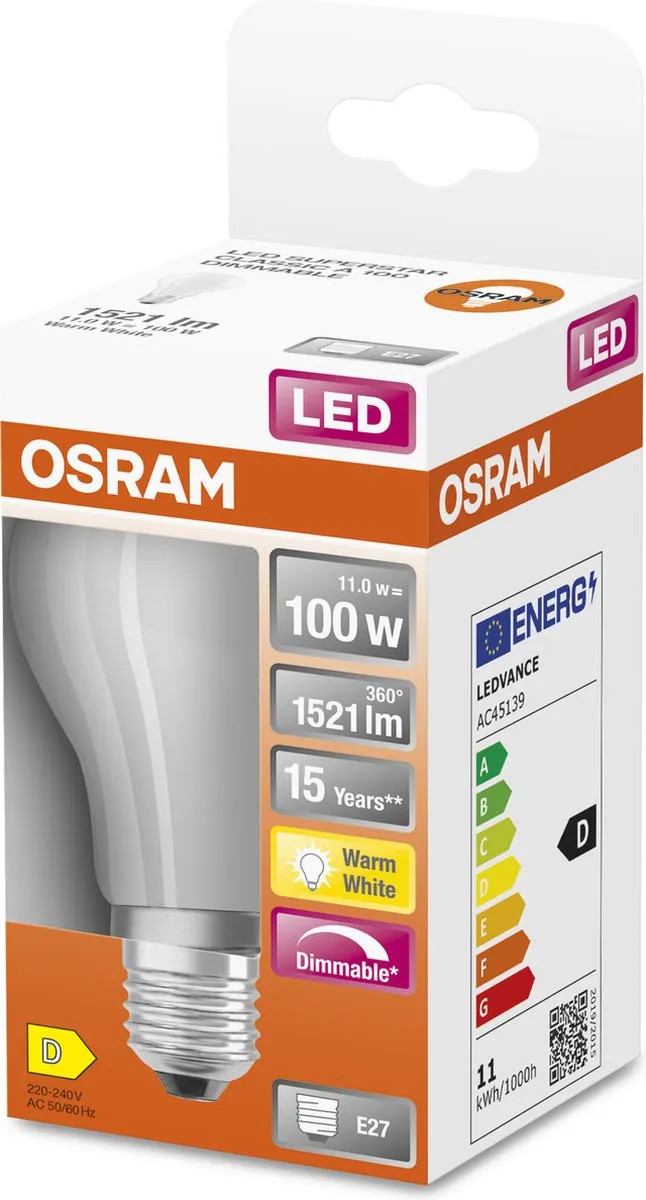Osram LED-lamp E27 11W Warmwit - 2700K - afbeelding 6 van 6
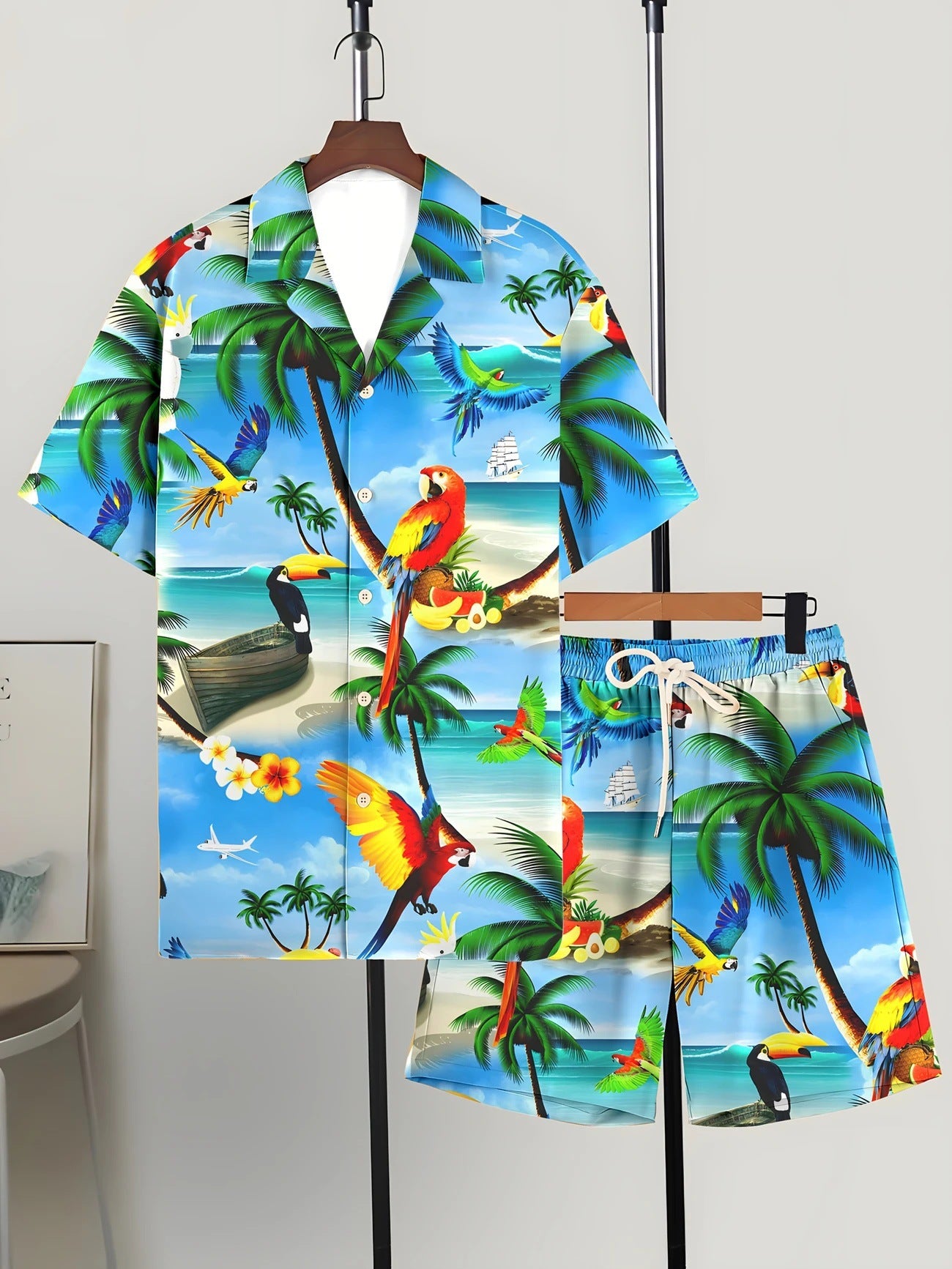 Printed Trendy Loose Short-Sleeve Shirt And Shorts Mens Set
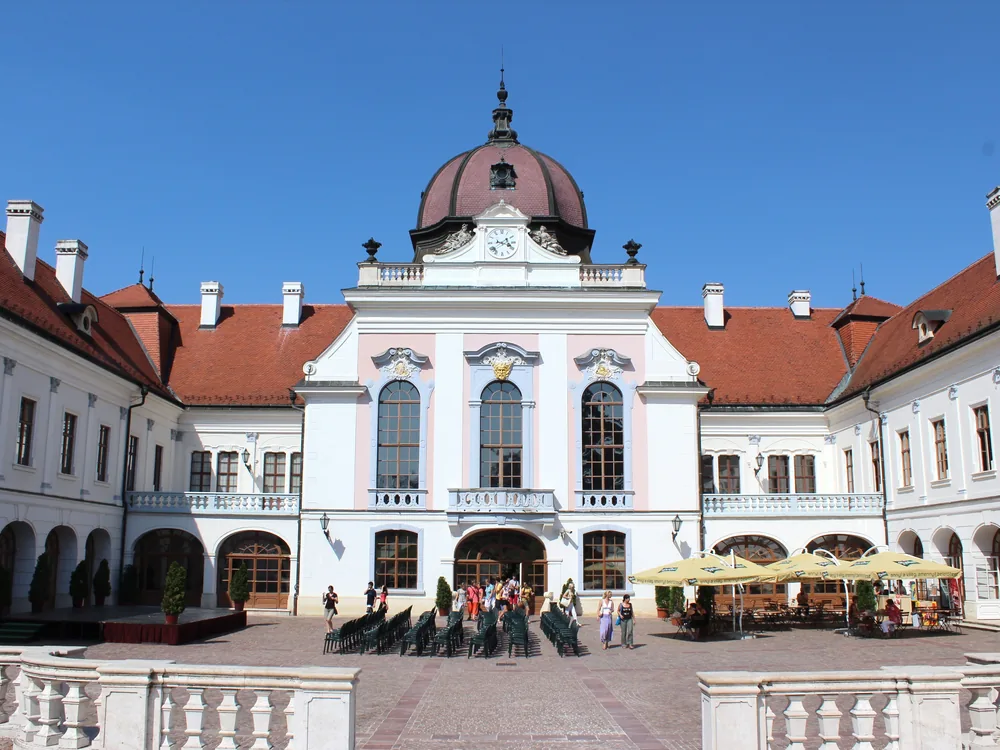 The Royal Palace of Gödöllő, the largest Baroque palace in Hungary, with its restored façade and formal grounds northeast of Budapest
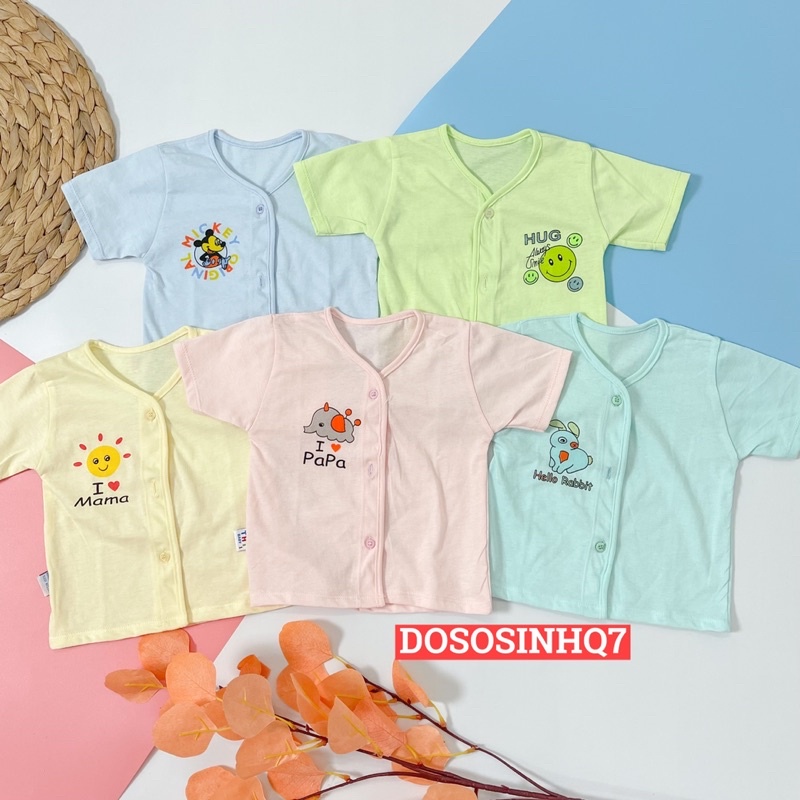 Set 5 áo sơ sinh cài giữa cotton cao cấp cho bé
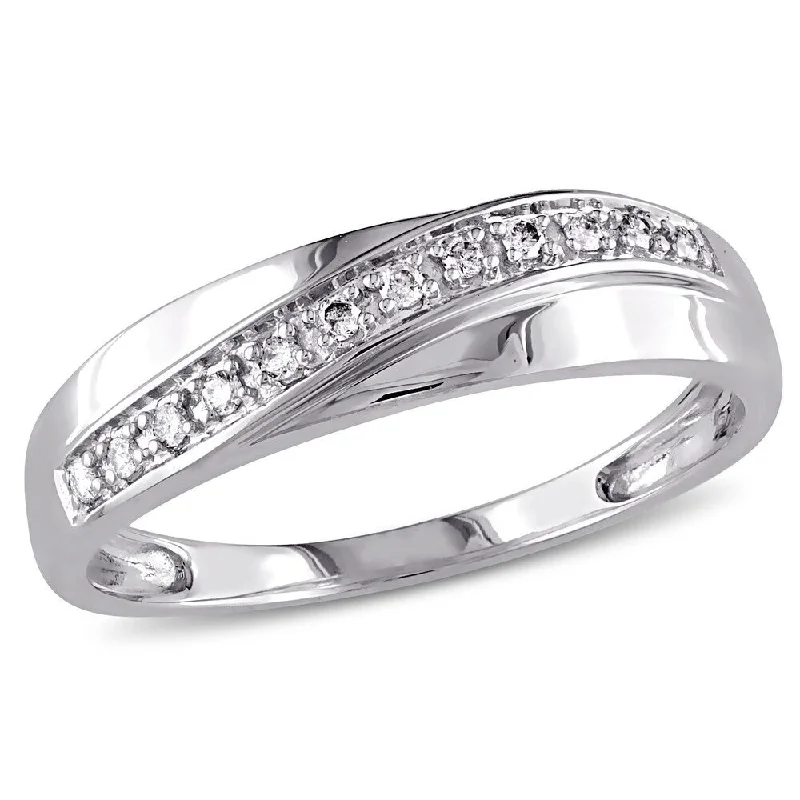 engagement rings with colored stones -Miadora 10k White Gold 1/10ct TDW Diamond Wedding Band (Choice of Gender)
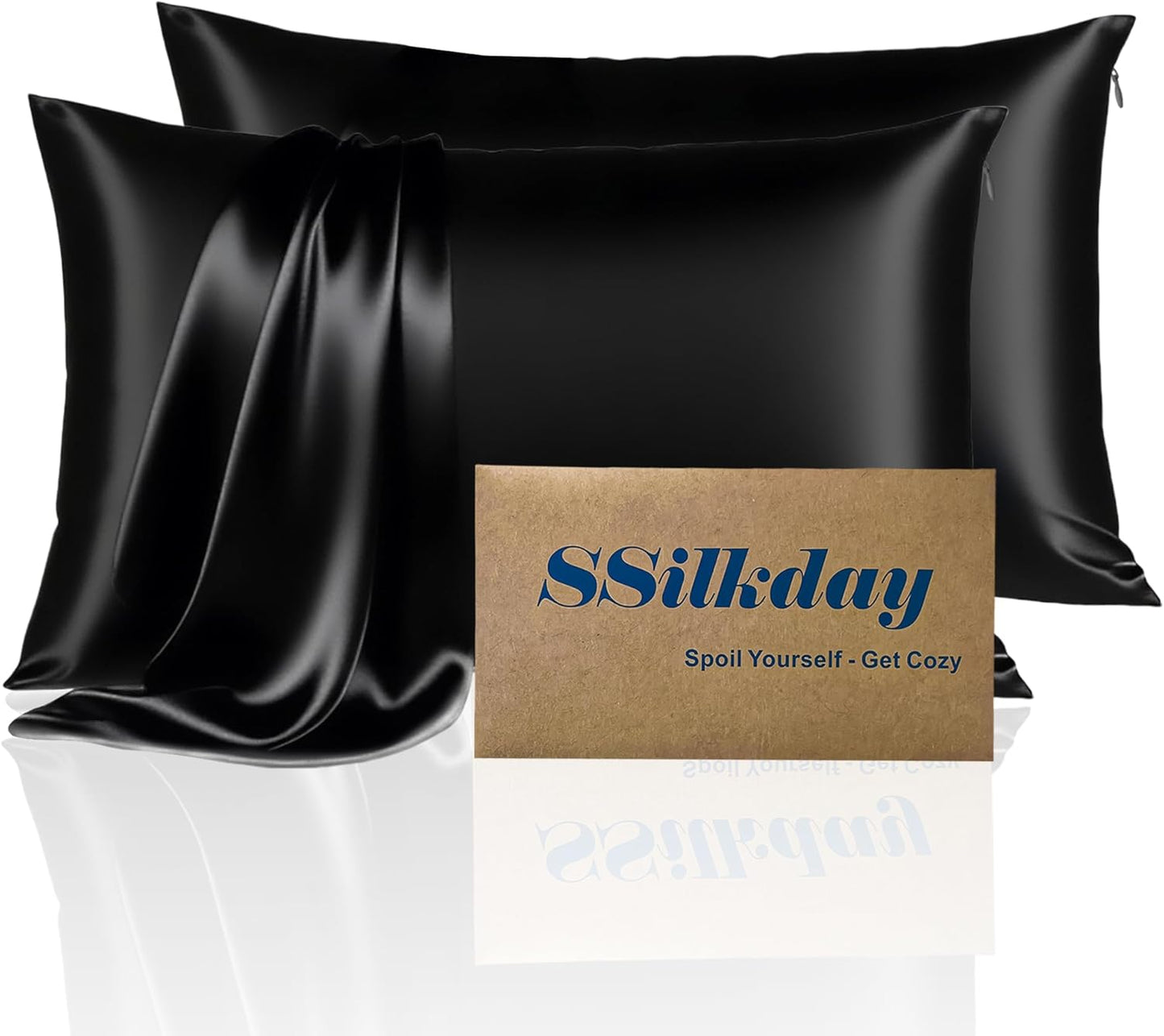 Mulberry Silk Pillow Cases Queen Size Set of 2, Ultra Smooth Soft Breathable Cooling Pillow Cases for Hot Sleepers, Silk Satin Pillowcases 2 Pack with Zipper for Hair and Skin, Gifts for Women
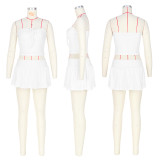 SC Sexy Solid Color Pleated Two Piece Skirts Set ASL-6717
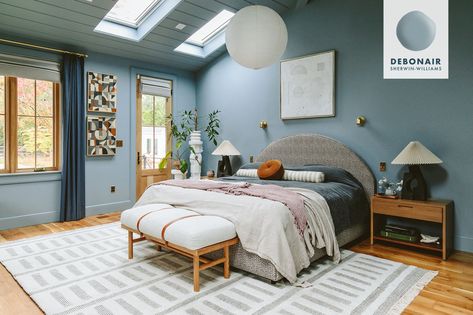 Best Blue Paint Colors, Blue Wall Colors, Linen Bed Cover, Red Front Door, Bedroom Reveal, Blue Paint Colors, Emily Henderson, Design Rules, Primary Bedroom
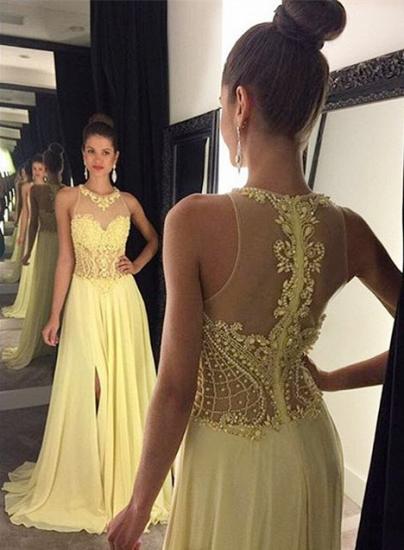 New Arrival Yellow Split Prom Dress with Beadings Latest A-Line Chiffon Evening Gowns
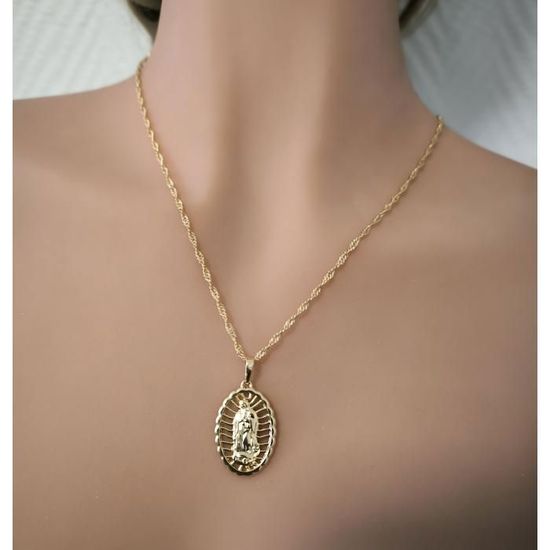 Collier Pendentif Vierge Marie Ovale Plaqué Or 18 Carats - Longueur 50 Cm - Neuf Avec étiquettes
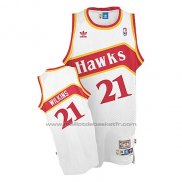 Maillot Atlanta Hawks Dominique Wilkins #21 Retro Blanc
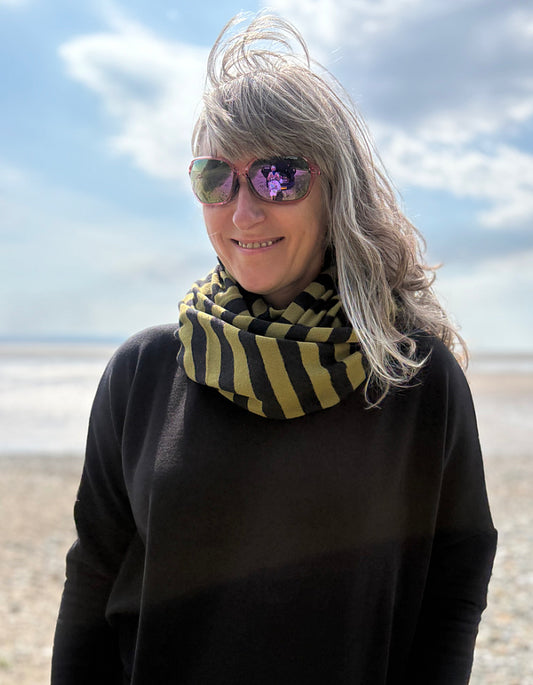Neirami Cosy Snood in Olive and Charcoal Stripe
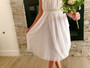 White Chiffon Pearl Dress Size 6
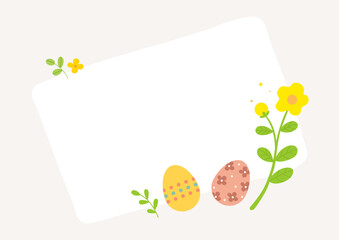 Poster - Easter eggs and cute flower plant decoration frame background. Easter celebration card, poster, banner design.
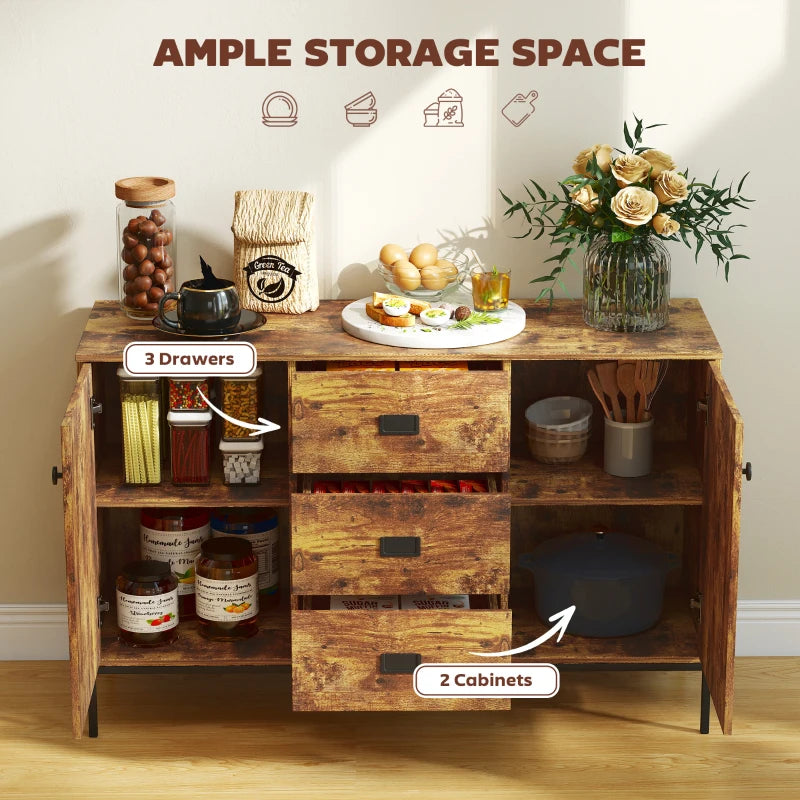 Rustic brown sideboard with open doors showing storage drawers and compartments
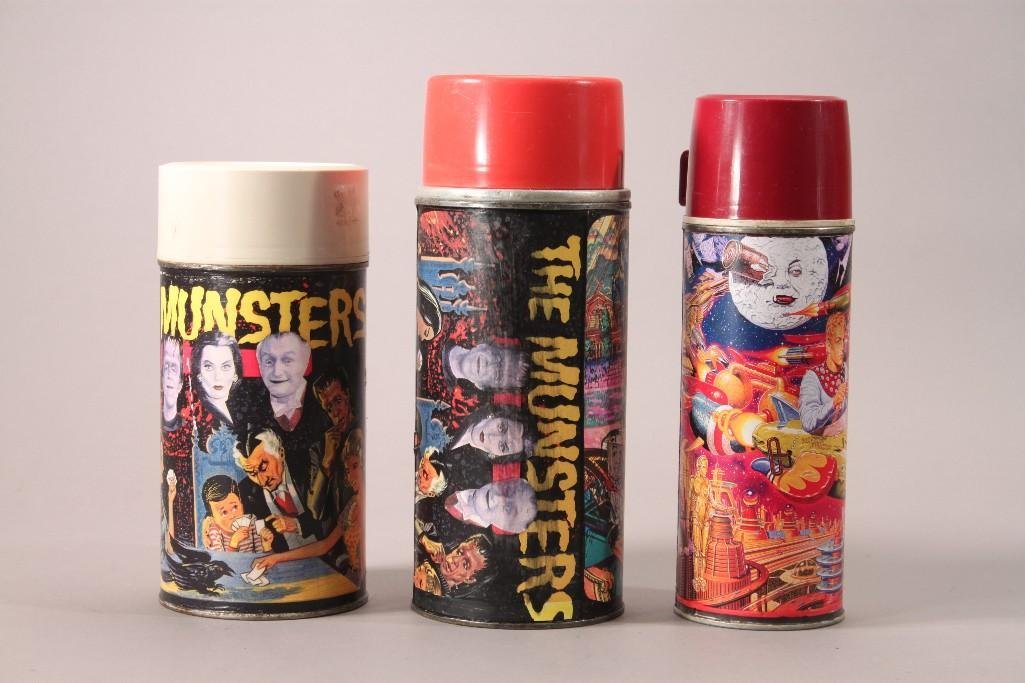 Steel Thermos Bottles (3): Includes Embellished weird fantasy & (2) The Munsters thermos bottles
====
Goal of the exercise:
Output the records above as they stand, from the first line to the line with "New Arrival Yellow", inclusive, and exclude the pictures.

Response to this task:
Osram LED-lamp E27 11W Warmwit - 2700K - afbeelding 6 van 6
 Printed Trendy Loose Short-Sleeve Shirt And Shorts Mens Set
 The Royal Palace of Gödöllő, the largest Baroque palace in Hungary, with its restored façade and formal grounds northeast of Budapest
 Set 5 áo sơ sinh cài giữa cotton cao cấp cho bé
 engagement rings with colored stones -Miadora 10k White Gold 1/10ct TDW Diamond Wedding Band (Choice of Gender)
 Mulberry Silk Pillow Cases Queen Size Set of 2, Ultra Smooth Soft Breathable Cooling Pillow Cases for Hot Sleepers, Silk Satin Pillowcases 2 Pack with Zipper for Hair and Skin, Gifts for Women
 SC Sexy Solid Color Pleated Two Piece Skirts Set ASL-6717
 Best Blue Paint Colors, Blue Wall Colors, Linen Bed Cover, Red Front Door, Bedroom Reveal, Blue Paint Colors, Emily Henderson, Design Rules, Primary Bedroom
 New Arrival Yellow Split Prom Dress with Beadings Latest A-Line Chiffon Evening Gowns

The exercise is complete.